Наше время должно определить двумя противоположными чертами — это время самого крайнего материализма и вместе с тем самых страстных идеальных порывов духа. Мы присутствуем при великой, многозначительной борьбе двух взглядов на жизнь, двух диаметрально противоположных миросозерцании. Последние требования религиозного чувства сталкиваются с последними выводами опытных знаний.
Умственная борьба, наполняющая XIX век, не могла не отразиться на современной литературе.
Преобладающий вкус толпы — до сих пор реалистический. Художественный материализм соответствует научному и нравственному материализму. Пошлая сторона отрицания, отсутствие высшей идеальной культуры, цивилизованное варварство среди грандиозных изобретений техники — все это наложило своеобразную печать на отношение современной толпы к искусству.
Недавно Э. Золя сказал следующие весьма характерные слова о молодых поэтах Франции, так называемых символистах, некоему m.
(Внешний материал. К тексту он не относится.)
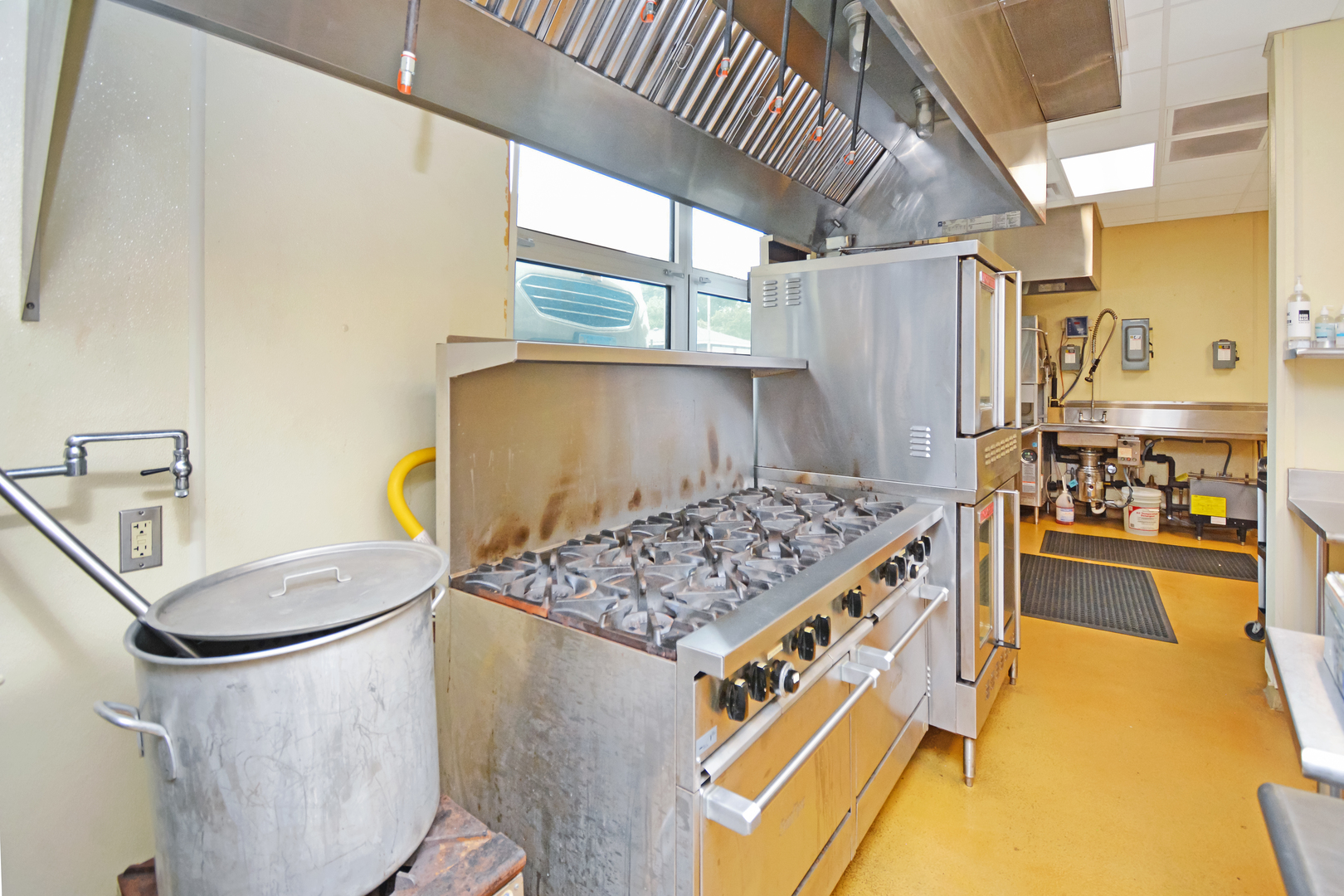 801 S Madison Street, Bloomington, IL 61701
Huret — газетному интервьюисту, написавшему книгу «L’enquête sur l’évolution en France». Я приведу слова эти буквально, чтобы не ослабить их переводом: «Mais que vient-on offrir pour nous remplacer? Pour faire contre-poids à l’immense labeur positiviste de ces cinquante dernières années, on nous montre une vague etiquette „symboliste“, recouvrant quelque vers de pacotille. Pour clore l’etonnante fin de ce siècle énorme, pour formuler cette angoisse universelle du doute cet ébranlement des ésprits assoiffés de certitude, voici le ramage obscur, voici les quatre sous de vers de mirliton de quelques assidus de brasserie… En s’attardant à des bêtises, à des niaiseries pareilles, à ce moment si grave de revolution des idées, ils me font l’effet tôus ces jeunes gens, qui ont tous de trente à quarante ans, de coquilles de noisettes qui danseraient sur la chute du Niagara»[5].
Автор «Ругон-Маккаров» имеет право торжествовать. Кажется, ни одно из гениальнейших произведений прошлого не пользовалось таким материальным успехом, таким ореолом газетной громоподобной рекламы, как позитивный роман. Журналисты с благоговением и завистью высчитывают, какой вышины пирамиду можно бы воздвигнуть из желтых томиков «Nana» и «Pot bouille».
На русский язык, на который не переведены удобопонятным образом даже величайшие произведения мировой литературы, последний роман Золя переводится с изумительным рвением по пяти, по шести раз. Тот же самый любознательный Гюре отыскал главу поэтов-символистов, Поля Верлена, в его любимом, плохеньком кафе на бульваре Saint Michel. Перед репортером был человек уже не молодой, сильно помятый жизнью, с чувственным «лицом фавна», с мечтательным и нежным взором, с огромным, лысым черепом. Поль Верлен беден. Не без гордости, свойственной «униженным и оскорбленным», он называет своей единственной матерью «l’assistance publique» — общественное призрение. Конечно, такому человеку далеко до академических кресел рядом с П. Лоти, о которых пламенно и ревниво мечтает Золя.